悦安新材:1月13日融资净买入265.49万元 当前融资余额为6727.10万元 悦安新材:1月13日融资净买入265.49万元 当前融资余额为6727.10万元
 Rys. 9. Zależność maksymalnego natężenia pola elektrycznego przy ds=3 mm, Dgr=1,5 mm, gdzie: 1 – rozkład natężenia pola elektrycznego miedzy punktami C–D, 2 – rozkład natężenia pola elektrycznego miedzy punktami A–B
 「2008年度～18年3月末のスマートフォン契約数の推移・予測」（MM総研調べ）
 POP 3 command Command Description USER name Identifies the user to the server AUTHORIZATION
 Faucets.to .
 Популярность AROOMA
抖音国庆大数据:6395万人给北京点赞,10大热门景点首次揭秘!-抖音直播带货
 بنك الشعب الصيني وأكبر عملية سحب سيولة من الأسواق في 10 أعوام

════

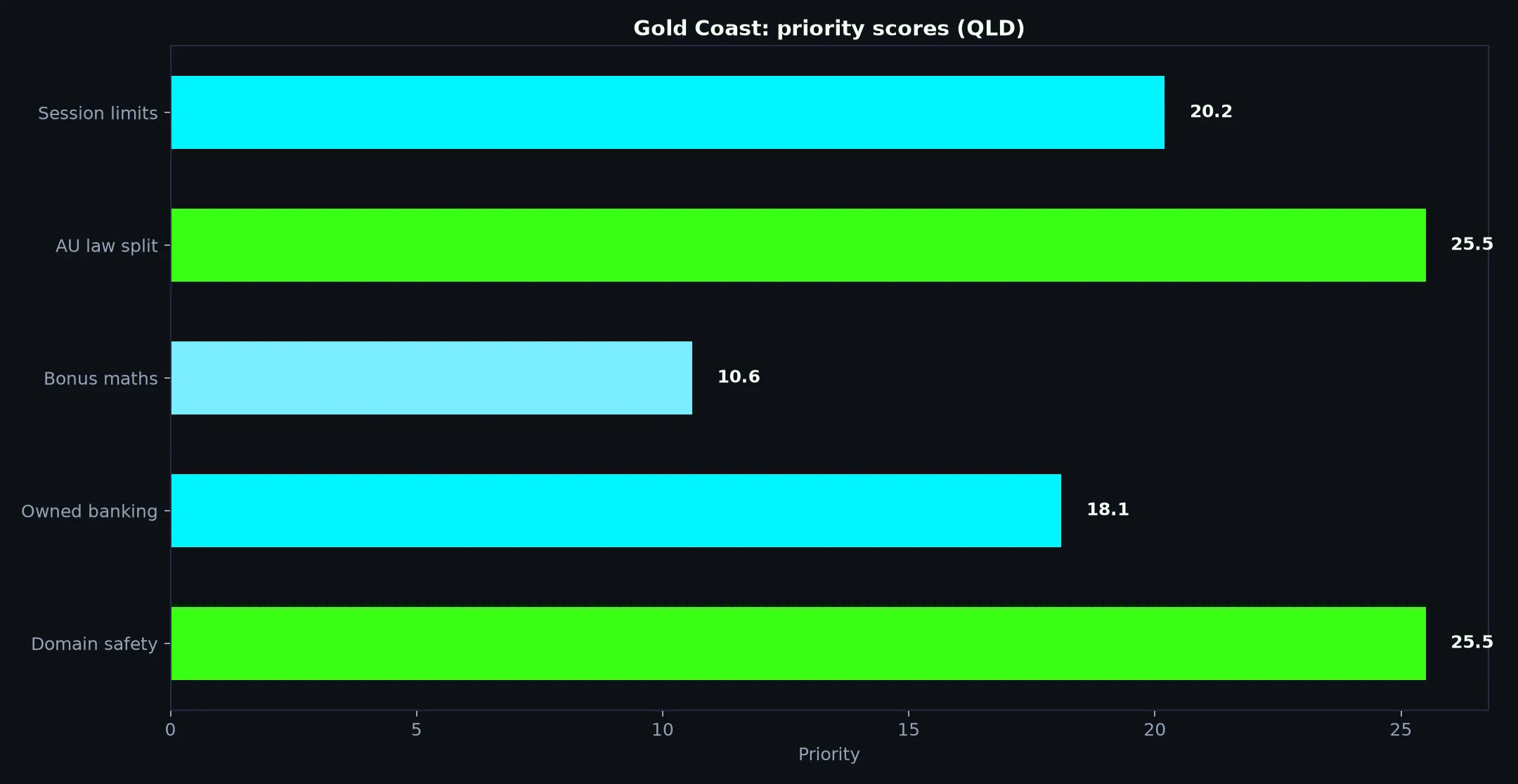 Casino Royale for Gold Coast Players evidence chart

════

ACTIVITY: Produce only the lines from the line containing "悦安新材:1月13日融资净买入265.49万元 当前融资余额为6727.10万元 悦安新材:1月13日融资净买入265.49万元" through the line containing "Faucets.to .", inclusive of both, exactly as they stand in the entries above.

EXERCISE RESPONSE:
悦安新材:1月13日融资净买入265.49万元 当前融资余额为6727.10万元 悦安新材:1月13日融资净买入265.49万元 当前融资余额为6727.10万元
 Rys. 9. Zależność maksymalnego natężenia pola elektrycznego przy ds=3 mm, Dgr=1,5 mm, gdzie: 1 – rozkład natężenia pola elektrycznego miedzy punktami C–D, 2 – rozkład natężenia pola elektrycznego miedzy punktami A–B
 「2008年度～18年3月末のスマートフォン契約数の推移・予測」（MM総研調べ）
 POP 3 command Command Description USER name Identifies the user to the server AUTHORIZATION
 Faucets.to .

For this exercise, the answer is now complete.